Canonical plans dogfood-capable phones by the end of May
Canonical's Vice President of Ubuntu, Rick Spencer, has set out a plan to make the Ubuntu phone images dog food – dogfooding is where a company's employees use its own product for their day-to-day work and comes from the phrase "Eating your own dog food". In his blog post, Spencer outlines the things that the images must be capable of before this plan can be put into action, namely make and receive phone calls and send and receive SMS messages, browse the web on 3G data and Wi-Fi and switch between either data mode, have the display dim when the phone is talked on, and be able to import contacts and then add or edit them. Spencer also says that when the phone is updated it should retain its user data, even if being flashed from the command line of a desktop system. All this work should be done, Spencer says, by the end of May.

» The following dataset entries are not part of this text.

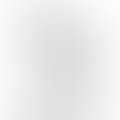 vit_41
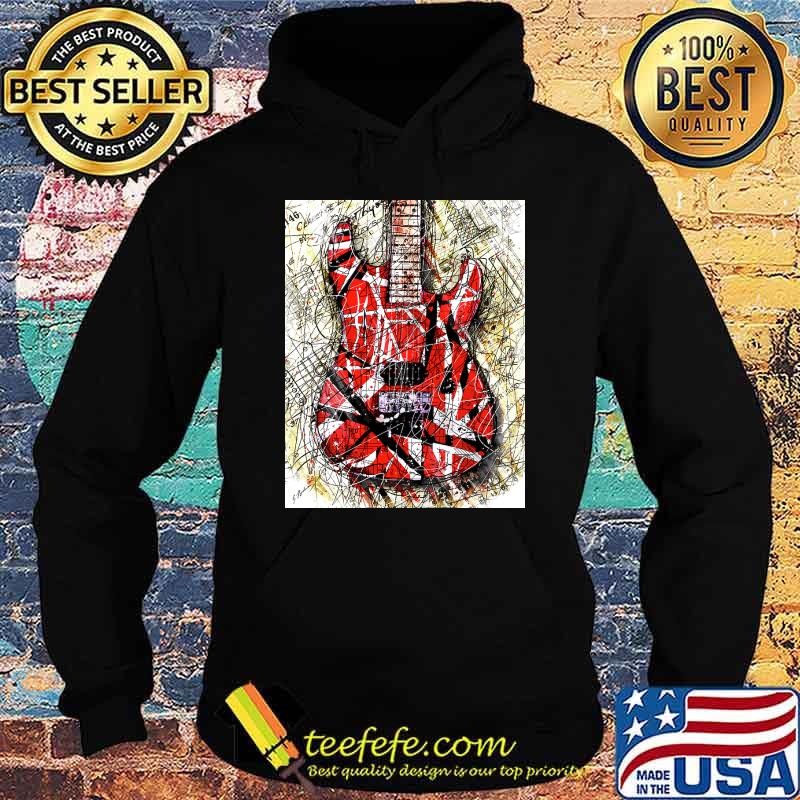 Eddies Axe Gary Bodnar Shirt Hoodie Eddies Axe Gary Bodnar Shirt Hoodie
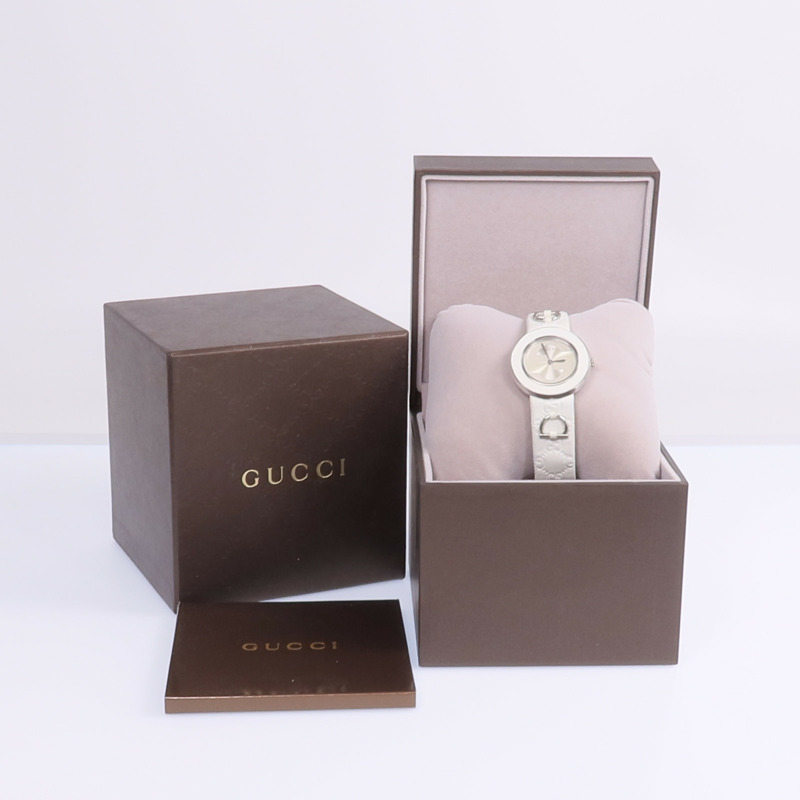 GUCCI U-play 129.4-16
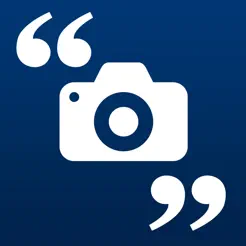 AI Image to Captions Generator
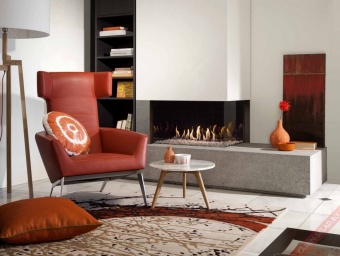 Fairo ECO-line 85 corner в Благовещенске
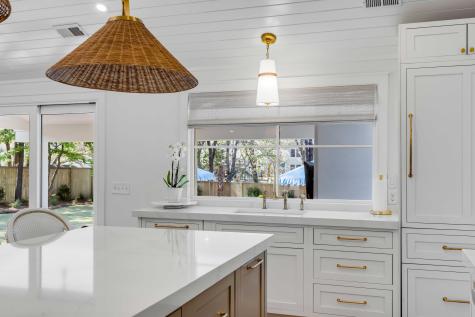 690 Pelzer Drive Mount Pleasant SC 29464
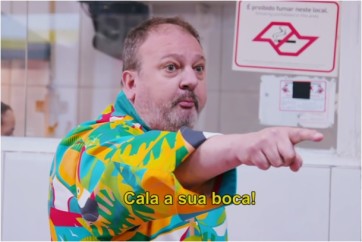 De-olho-no-pe-de-fava-as-licoes-de-lideranca-de-o-pesadelo-na-cozinha-televendas-cobranca-1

He does note though, that things like finding and installing new apps and working with particular bits of reference hardware like the Nexus 7's camera aren't on this dog-food agenda, but hopes that, once Canonical users are using the devices every day, progress on these and other development issues should be greatly enhanced. Dogfoodable phone images would be a huge leap forward for the Ubuntu phone which has, despite February's developer preview, been unusable as a 3G phone, with most of the applications on the phone apparently being demonstration versions. If Canonical can deliver updated images to Spencer's specification, more developers from outside the company will also be able to get a more realistic feel of what next year's Ubuntu phone will be like.